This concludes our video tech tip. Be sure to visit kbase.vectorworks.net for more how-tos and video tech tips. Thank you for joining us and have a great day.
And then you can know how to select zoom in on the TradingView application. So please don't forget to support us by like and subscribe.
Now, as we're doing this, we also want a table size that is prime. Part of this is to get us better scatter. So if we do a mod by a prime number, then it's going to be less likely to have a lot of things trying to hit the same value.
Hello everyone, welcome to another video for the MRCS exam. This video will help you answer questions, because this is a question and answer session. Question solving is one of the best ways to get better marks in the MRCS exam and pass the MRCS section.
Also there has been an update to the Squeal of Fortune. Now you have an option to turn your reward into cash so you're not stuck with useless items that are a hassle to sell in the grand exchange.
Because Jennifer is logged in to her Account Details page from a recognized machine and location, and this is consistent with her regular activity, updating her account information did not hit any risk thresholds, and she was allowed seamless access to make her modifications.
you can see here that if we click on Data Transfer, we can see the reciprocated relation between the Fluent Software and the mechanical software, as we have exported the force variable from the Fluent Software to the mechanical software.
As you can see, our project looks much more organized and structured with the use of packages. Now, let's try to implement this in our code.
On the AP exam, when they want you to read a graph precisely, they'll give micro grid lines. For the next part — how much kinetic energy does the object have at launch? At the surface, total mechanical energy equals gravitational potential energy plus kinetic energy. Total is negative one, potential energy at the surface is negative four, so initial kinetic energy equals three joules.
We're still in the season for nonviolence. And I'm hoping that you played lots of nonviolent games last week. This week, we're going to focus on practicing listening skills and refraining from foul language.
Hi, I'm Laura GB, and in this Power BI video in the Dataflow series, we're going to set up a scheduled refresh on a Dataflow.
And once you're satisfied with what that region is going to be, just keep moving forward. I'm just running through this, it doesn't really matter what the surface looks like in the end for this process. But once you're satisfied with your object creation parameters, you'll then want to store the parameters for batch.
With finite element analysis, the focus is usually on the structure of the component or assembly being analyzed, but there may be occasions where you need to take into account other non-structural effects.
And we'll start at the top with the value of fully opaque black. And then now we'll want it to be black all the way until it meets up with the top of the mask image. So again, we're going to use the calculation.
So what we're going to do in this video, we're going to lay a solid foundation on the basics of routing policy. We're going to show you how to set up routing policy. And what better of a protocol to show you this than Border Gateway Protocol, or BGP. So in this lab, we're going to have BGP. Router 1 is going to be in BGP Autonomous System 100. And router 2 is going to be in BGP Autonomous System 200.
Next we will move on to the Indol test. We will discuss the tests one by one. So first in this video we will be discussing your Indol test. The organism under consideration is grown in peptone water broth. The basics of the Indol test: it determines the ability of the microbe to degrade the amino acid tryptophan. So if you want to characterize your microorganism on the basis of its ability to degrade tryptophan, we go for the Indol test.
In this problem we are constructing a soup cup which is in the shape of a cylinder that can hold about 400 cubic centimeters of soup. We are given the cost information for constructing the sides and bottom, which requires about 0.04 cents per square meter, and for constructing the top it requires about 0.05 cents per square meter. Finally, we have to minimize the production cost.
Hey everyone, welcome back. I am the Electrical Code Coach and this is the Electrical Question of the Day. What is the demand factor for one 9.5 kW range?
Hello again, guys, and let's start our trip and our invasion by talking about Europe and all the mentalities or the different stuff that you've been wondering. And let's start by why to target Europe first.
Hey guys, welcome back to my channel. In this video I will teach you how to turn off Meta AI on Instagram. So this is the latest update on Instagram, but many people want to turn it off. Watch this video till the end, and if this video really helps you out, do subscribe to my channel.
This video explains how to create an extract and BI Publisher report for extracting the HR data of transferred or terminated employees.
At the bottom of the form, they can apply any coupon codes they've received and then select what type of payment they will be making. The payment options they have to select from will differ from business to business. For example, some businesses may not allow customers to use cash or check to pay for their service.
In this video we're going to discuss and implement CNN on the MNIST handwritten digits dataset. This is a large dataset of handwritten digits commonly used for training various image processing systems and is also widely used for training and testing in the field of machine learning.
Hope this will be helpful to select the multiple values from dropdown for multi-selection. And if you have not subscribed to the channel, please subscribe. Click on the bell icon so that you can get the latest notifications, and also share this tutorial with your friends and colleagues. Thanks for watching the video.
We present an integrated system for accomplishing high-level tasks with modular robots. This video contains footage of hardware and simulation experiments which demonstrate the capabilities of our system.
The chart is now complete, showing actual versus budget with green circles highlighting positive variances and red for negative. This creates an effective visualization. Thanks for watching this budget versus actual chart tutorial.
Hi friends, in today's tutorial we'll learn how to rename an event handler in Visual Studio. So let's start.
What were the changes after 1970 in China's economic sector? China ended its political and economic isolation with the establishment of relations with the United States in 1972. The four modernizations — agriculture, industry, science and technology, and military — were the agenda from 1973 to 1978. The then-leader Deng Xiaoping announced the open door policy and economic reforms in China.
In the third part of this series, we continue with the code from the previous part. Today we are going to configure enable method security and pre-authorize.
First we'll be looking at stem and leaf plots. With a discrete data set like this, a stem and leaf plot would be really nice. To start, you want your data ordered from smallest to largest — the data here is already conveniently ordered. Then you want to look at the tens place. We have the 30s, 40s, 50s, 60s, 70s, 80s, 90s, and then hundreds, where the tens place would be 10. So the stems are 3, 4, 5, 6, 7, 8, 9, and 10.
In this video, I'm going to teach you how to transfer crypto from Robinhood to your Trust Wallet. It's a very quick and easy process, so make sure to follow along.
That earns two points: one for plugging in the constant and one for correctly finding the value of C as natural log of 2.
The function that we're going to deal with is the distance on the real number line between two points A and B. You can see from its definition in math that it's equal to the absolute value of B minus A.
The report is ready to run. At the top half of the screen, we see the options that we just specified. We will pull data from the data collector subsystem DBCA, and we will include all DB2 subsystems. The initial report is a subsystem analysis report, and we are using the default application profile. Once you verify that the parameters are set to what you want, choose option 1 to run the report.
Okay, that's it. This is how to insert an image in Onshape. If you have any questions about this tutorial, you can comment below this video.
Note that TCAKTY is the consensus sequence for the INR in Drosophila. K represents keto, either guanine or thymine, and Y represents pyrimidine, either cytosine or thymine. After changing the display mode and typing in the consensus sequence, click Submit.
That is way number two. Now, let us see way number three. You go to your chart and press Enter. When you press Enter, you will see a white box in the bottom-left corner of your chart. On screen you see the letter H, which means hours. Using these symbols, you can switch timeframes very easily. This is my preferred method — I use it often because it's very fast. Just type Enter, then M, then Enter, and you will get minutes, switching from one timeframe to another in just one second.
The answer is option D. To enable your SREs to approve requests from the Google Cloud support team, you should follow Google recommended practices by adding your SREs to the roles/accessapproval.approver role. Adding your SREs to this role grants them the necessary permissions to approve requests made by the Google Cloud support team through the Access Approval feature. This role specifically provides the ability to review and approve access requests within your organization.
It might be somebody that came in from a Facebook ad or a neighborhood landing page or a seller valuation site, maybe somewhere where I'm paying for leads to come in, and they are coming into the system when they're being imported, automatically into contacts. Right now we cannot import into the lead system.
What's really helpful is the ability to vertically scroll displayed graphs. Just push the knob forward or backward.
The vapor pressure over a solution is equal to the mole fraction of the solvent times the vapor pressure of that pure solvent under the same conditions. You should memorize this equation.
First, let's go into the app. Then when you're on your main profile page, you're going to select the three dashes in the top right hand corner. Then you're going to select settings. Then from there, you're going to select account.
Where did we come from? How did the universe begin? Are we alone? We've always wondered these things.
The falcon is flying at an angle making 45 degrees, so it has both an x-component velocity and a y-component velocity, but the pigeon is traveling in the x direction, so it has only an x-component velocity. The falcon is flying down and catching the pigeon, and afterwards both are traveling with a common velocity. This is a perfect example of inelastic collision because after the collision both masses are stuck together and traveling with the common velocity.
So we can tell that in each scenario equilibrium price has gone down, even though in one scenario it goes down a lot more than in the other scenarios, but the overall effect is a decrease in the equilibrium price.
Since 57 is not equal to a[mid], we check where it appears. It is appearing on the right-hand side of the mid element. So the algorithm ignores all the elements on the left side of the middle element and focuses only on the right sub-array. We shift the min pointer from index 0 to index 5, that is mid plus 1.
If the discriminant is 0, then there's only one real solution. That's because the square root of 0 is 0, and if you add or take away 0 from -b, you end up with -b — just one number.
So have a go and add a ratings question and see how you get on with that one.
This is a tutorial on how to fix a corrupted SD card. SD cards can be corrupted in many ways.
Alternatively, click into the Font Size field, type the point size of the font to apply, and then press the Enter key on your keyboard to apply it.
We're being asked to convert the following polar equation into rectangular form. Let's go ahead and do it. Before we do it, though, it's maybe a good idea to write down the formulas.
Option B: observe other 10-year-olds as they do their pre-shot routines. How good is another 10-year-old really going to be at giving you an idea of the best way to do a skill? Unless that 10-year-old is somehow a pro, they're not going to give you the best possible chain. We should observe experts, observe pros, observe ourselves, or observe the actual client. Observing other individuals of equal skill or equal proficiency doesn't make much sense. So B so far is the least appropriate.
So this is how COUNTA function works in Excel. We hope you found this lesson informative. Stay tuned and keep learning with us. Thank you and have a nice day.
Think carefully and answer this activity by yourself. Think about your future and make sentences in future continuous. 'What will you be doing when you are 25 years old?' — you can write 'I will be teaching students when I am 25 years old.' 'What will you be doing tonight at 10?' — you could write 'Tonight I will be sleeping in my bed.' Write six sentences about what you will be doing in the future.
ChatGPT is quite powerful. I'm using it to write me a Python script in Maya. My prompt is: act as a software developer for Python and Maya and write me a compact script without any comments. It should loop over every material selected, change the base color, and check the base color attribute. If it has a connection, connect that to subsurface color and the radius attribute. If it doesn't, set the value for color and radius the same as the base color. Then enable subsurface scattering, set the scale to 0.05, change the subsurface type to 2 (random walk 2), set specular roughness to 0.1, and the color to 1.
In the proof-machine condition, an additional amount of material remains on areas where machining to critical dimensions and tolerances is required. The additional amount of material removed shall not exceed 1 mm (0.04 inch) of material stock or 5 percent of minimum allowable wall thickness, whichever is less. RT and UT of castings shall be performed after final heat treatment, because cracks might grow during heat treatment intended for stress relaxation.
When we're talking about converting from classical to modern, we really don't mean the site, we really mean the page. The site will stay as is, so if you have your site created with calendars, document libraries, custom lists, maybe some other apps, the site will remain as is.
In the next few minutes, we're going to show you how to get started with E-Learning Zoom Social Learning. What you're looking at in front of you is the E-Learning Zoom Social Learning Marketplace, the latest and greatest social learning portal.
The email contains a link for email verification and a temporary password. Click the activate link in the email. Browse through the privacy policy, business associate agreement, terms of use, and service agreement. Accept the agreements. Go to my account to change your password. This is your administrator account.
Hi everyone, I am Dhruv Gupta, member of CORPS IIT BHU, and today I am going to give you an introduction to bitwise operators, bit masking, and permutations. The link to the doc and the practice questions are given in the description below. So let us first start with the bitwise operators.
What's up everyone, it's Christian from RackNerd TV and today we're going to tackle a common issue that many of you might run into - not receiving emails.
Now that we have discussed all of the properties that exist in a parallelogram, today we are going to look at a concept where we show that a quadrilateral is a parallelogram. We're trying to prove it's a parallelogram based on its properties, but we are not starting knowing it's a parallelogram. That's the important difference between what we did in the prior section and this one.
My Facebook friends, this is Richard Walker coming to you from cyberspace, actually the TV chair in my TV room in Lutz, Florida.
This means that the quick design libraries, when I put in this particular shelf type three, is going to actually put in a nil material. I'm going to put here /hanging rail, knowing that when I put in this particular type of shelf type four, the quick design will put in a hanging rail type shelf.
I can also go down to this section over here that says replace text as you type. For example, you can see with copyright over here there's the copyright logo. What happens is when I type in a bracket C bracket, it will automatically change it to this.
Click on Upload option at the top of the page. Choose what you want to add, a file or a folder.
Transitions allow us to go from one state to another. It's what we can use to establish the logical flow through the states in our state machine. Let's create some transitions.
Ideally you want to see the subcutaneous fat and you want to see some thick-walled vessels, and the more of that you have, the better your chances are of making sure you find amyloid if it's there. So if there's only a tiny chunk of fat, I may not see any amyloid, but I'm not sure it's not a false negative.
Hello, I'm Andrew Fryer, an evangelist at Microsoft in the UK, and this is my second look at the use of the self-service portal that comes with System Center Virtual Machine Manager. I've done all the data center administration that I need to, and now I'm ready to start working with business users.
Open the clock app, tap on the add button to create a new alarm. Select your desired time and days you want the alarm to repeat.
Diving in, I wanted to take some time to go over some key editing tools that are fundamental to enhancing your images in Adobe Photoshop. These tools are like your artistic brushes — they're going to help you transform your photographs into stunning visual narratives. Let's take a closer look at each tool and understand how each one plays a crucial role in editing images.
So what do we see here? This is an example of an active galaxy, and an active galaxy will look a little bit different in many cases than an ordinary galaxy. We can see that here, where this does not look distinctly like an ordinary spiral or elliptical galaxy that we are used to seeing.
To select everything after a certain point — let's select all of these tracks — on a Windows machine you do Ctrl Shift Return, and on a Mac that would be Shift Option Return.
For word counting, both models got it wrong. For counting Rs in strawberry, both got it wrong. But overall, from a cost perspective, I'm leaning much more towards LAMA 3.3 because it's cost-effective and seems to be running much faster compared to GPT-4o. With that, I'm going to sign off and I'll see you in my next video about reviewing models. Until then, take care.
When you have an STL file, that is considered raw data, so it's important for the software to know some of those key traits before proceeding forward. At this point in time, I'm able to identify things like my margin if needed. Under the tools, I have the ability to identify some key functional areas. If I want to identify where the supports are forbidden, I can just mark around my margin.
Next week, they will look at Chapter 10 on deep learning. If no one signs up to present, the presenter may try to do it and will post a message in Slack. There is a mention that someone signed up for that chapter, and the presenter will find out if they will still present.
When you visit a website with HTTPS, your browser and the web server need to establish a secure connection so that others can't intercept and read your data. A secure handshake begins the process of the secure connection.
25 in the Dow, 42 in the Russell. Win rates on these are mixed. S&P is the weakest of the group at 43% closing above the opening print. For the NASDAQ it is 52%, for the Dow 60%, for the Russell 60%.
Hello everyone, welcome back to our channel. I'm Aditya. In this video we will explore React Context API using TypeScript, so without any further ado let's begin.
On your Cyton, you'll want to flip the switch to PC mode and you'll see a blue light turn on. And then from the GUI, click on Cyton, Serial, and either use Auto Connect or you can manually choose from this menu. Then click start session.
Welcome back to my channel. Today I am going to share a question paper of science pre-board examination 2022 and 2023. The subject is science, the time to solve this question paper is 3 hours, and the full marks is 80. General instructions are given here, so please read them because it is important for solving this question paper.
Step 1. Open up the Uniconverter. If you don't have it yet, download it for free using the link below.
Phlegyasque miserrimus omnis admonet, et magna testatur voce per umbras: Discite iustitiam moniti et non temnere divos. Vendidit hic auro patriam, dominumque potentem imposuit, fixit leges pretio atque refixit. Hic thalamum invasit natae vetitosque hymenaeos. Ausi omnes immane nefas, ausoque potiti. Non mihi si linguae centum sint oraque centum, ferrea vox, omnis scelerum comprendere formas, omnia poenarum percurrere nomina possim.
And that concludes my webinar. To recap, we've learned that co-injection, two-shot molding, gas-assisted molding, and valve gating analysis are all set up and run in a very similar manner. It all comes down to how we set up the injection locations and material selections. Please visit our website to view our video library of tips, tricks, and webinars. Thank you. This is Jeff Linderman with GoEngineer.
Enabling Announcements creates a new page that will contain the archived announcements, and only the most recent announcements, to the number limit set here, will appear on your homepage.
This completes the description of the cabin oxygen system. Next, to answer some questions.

++++++++++++++++++++

#### What the exercise asks:
Give back exactly what runs from the first line of the listing above to the line that contains "And then you", keeping both end lines.

#### Answer to the problem:
This concludes our video tech tip. Be sure to visit kbase.vectorworks.net for more how-tos and video tech tips. Thank you for joining us and have a great day.
And then you can know how to select zoom in on the TradingView application. So please don't forget to support us by like and subscribe.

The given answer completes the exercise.